**EXERCISE GOAL:** From the line that contains "Υπό έλεγχο η φωτιά στο Μαρτίνο Φθιώτιδας" down to the last line of the entries, please return everything exactly, except the pictures.

**DATA SUPPLIED:**

=====

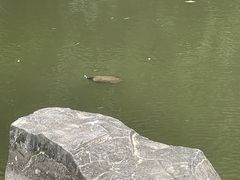 -水濂山森林公园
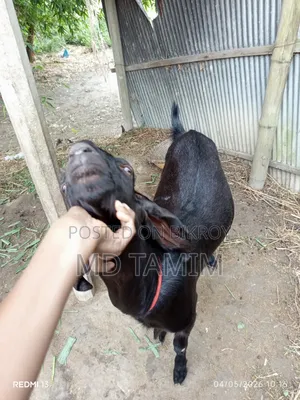 Qurbani-ready goat for sale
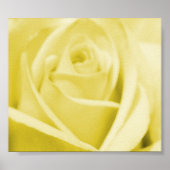 Serene Yellow Rose - Poster/Print Poster (Vorne)
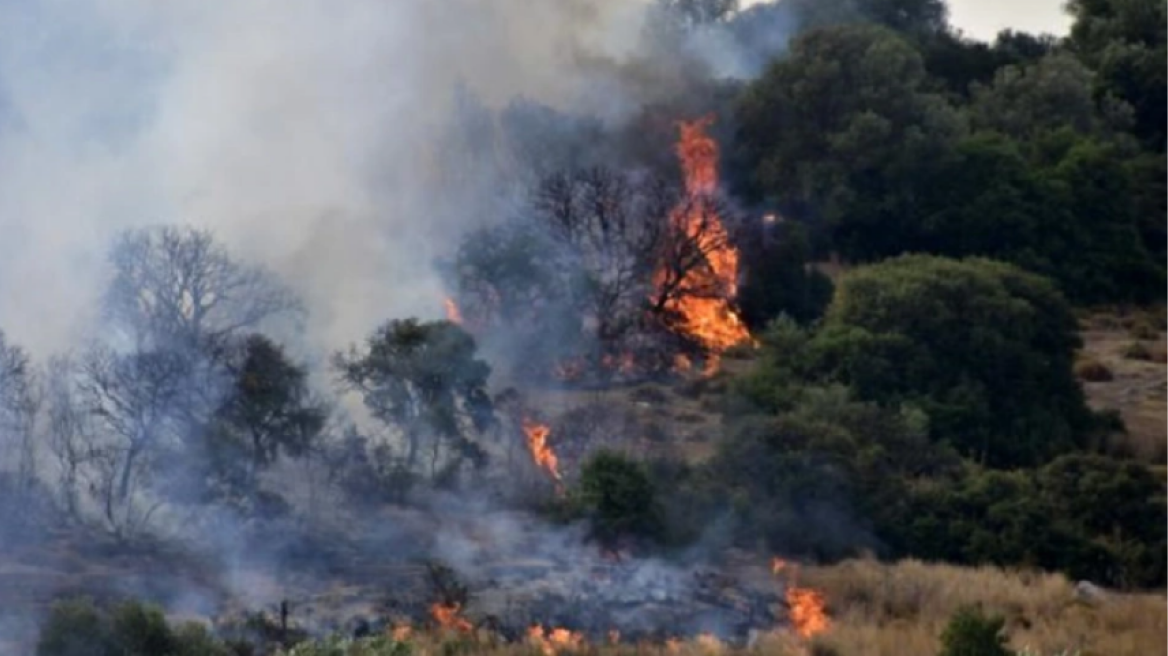 Υπό έλεγχο η φωτιά στο Μαρτίνο Φθιώτιδας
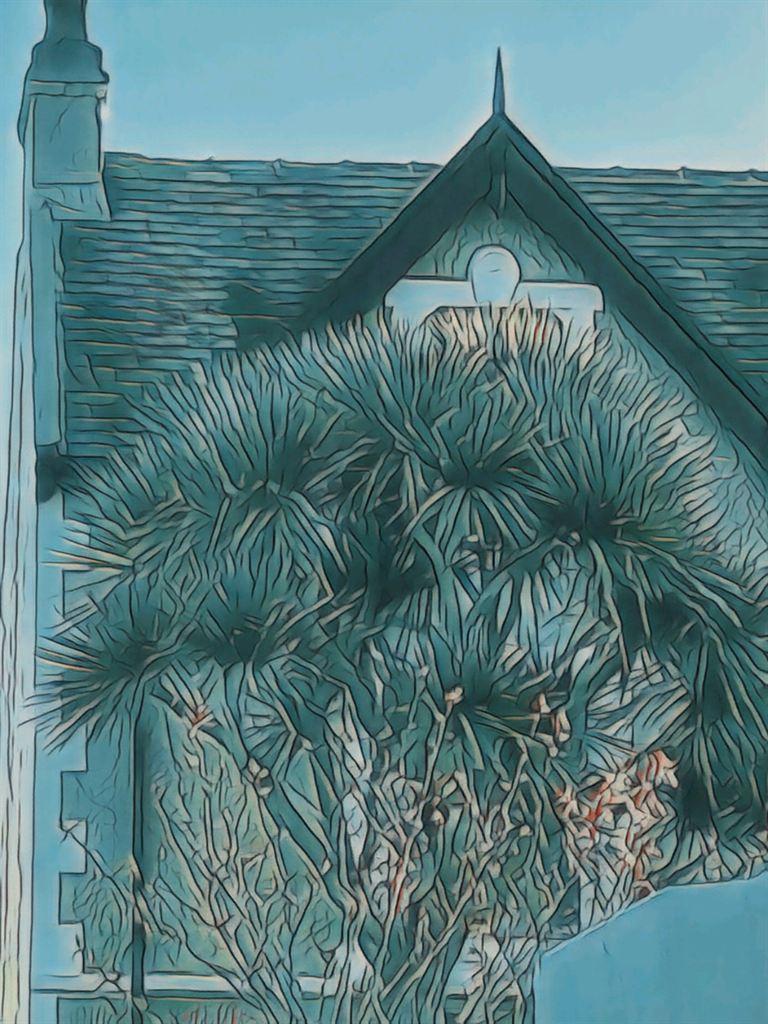 palm&gable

=====

**ANSWER BELOW:**
 Υπό έλεγχο η φωτιά στο Μαρτίνο Φθιώτιδας
 palm&gable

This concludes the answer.